VIXY provides long exposure to the S&P 500 VIX Short-Term Futures Index, which measures the returns of a portfolio of monthly VIX futures contracts with a weighted average of one month until expiration.
It can reduce U.S. equity portfolio risk since changes in the VIX Short-Term Futures Index have historically been negatively correlated to S&P 500 returns.
But futures ETFs are a problem.
Because typically, the further you are from the expiration date, the more expensive the futures contract, a condition called contango.
As the current contract expires, a trader has to sell that contract and buy the next one in line to keep the trade going (known as a roll), which is what the ETF does.
Due to contango, this roll means selling at a lower price and buying at a higher price.
All other things equal, this lowers the ETF’s value over time.
This problem is worse because of the mean-reverting qualities of volatility indexes – a fancy way of saying they tend to move back to their historical averages.
Key Facts About VIXY
The VIXY portfolio consists primarily of monthly VIX futures contracts with a weighted average of one month until expiration.
It rolls contracts from the current month to the next to achieve this exposure. As we explained above, this rolling mechanism is one of the main reasons VIXY isn’t suitable for long-term investments, only for short-term trading or hedging.
VIXY is one of the worst assets to own long-term.
If you had invested $10,000 at the ETF’s founding in January 2011, it would be worth less than $5 today.

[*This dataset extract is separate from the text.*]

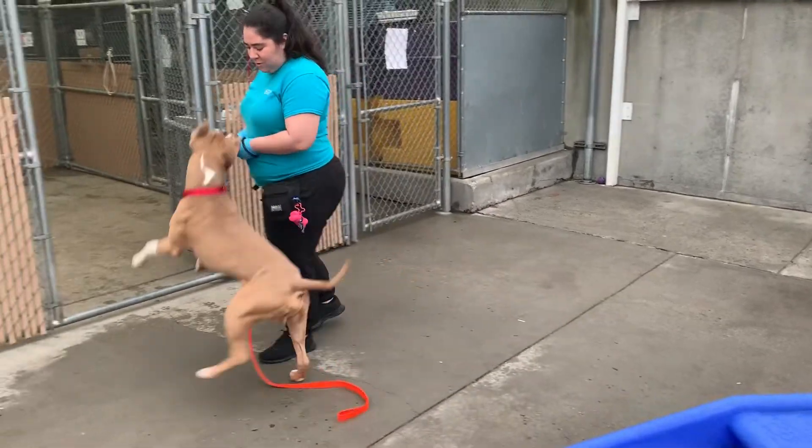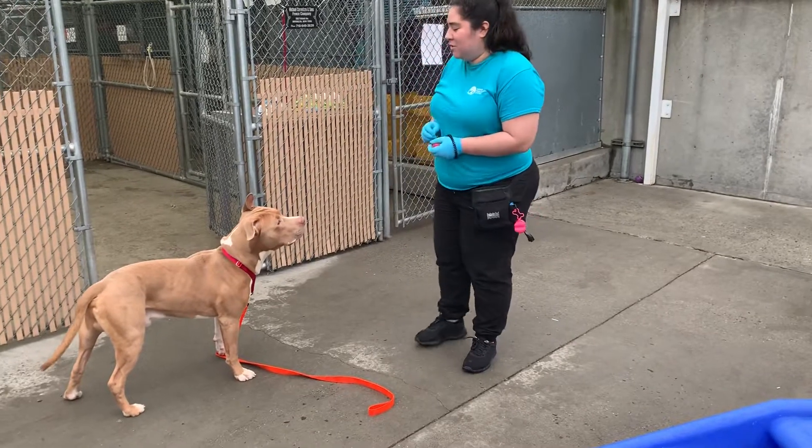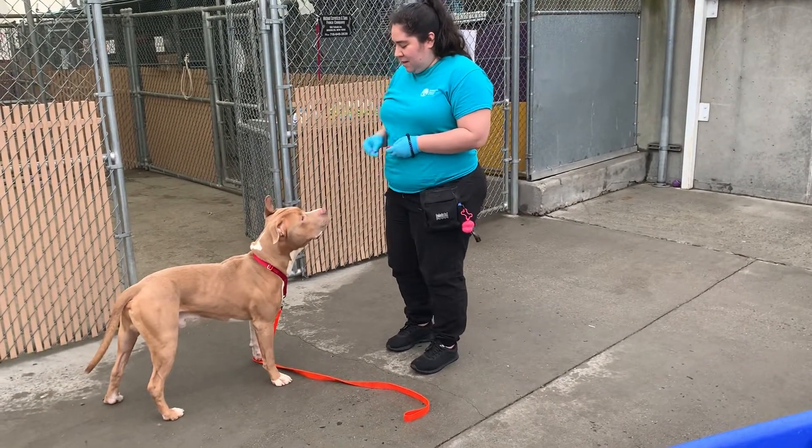We're going to do input control for Pele because he needs it. What I'm going to do is hold the treat over his head for one second. If he doesn't jump for it, he'll get it.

Trading & Investing in VIXY
VIXY trades actively, at an average of 7.1 million shares daily. It also has options available for traders who wish to play it in that manner.
Again, outside of day trading or short-term swing trading, avoid VIXY.
For a short-term hedge on your portfolio, there a few options besides VIXY.
They include iPath Series B S&P 500 VIX Short-Term Futures ETN (VXX), ProShares VIX Mid-Term Futures ETF (VIXM), ProShares Ultra VIX Short-Term Futures ETF (UVXY), and ProShares Short VIX Short-Term Futures ETF (SVXY).
Competitors’ Portfolio Composition
UVXY is the most volatile of the group, including VIXY, given its leverage. SVXY, although not as volatile as UVXY, is also leveraged, and investors should utilize it only for day trading.
VIXY charges an expense ratio of 0.85%, in line with the industry average for volatility products.
Daily Average Trading Volume
Our Opinion 0/10
If you want to hedge your portfolio long-term, there are better ways to do it than using VIXY or other volatility ETNs and ETFs.
Only experienced traders should utilize products like VIXY, and only for intraday opportunities. As an investment, we rate VIXY a zero.